No. Hay un equilibrio beneficioso en el mundo de Las Orejas, sin virtuosismos innecesarios ni egos desbordados. Un mundo conformado con una buena dosis de paciencia y otra aún mayor de sentido del humor. Un rasgo, este último, que atraviesa su obra escasa de principio a fin. Y que con frecuencia logran traducir en sonidos para arrancarnos una sonrisa. Los ingleses lo definen con adjetivos como quirky y zany y unas pocas bandas francesas (ZNR, L’Ensemble Rayé, Etron Fou) inspiradas en Satie lo han perfeccionado. LOYLL no se parece a ellas en lo musical pero sí en espíritu. Una mezcla entre la gracia y la sutileza, a años luz del chiste fácil, que funciona a través de diminutos gestos musicales que no podemos menos que agradecer.
4- ¿Qué son Las Orejas entonces? Un organismo en evolución constante. Los he visto muchas veces a lo largo de estos catorce años. En recitales y en ensayos privados, como quinteto, cuarteto, terceto y hasta en una presentación memorable como dúo, cuando salieron del paso con dignidad y oficio pese a quedar reducidos a la base rítmica porque las partes pregrabadas de teclados no funcionaban. He hablado con gran parte de su público, heterogéneo hasta el absurdo en sus gustos musicales pero extrañamente fiel en las ocasionales convocatorias del grupo en vivo. No sé cuál es la cuerda exacta que logran tocar en la audiencia, pero en sus conciertos se respira una quieta algarabía, sin manifestaciones excesivas, con una especie de sentimiento quedo de satisfacción que parece contenernos a todos.

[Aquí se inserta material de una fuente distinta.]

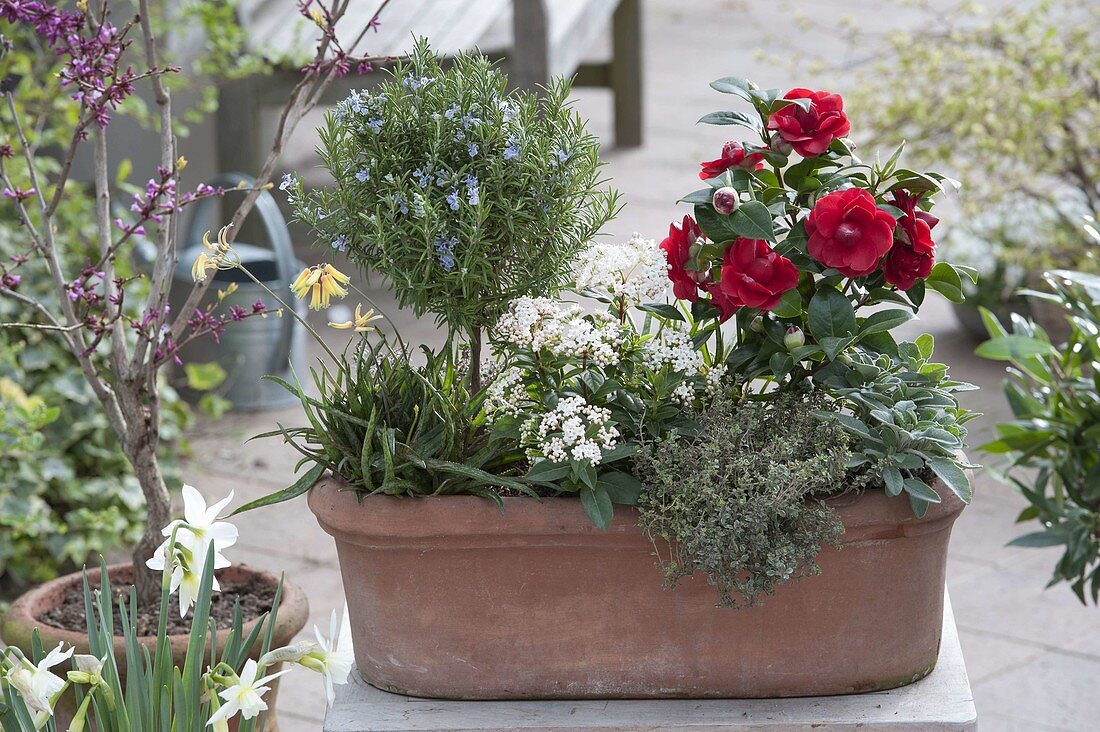 Terracotta box with Camellia japonica (camellia), rosemary stems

Tampoco el placer que se desprende de su música es sencillo de explicar. Pero quien sepa escuchar obtendrá su recompensa. La familiaridad con algunos fragmentos no compensará la ineludible extrañeza de sus decisiones. El incansable reptar de una cosa a otra, la urgencia que trasuntan esos pasajes auditivos que se adhieren a nuestra memoria para que ella se encargue de dotarlos del contexto definitivo.
Las Orejas nos escamotea su lógica y exige al oyente para que sea él quien complete la pieza final del rompecabezas. Será por eso que al escucharlos una y otra vez uno descubre con agrado que el mundo no era tan predecible como parecía.